A new documentary, RBG, sets out to explore Ginsburg’s life and career. As the plot synopsis reads, “Without a definitive Ginsburg biography, the unique personal journey of this diminutive, quiet warrior’s rise to the nation’s highest court has been largely unknown, even to some of her biggest fans — until now.”

The movie is released May 4, but we decided to break down the recently-released trailer for you. Here we go.

RBG Trailer

The trailer opens with shots of the Supreme Court and RBG’s office, with Ginsburg’s voiceover: I ask no favor for my sex.
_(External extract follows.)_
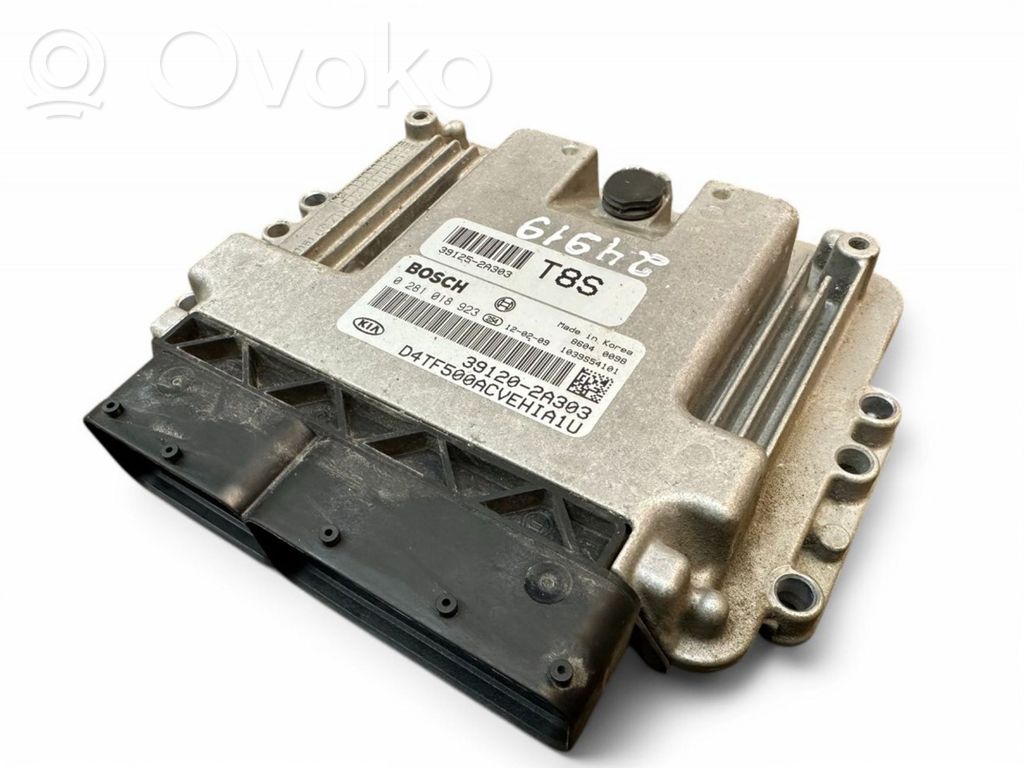 Engine control unit/module   391202A303,391202A303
All I ask of our brethren is that they take their feet off our necks. This quote is from Sarah Grimké. Grimké — along with her sister, Angelina — was, according to the Brooklyn Museum, one of the “first female agents of the American Anti-Slavery Society” and a key figure in the women’s rights movement. Grimké authored Letters on the Equality of the Sexes and the Condition of Women in 1838, a document that inspired many first-wave feminists.

RBG Trailer

The music swells as RBG stares into the camera; the song is “The Bullpen” by Dessa (a female Minneapolis rapper). The opening lyrics apply perfectly to Ginsburg: Forget the bull in the china shop / there’s a china doll in the bullpen.

RBG Trailer

We then see Ginsburg working out — wearing a “Super Diva !” sweatshirt, which she is known to wear while she works out. Seriously. Her longtime personal trainer, Bryant Johnson, wrote a book The RBG Workout: How She Stays Strong… and You Can Too! where he writes that she enjoys listening to opera to workout to. And her sweatshirt pays homage to the world of opera. (You can get your own here.)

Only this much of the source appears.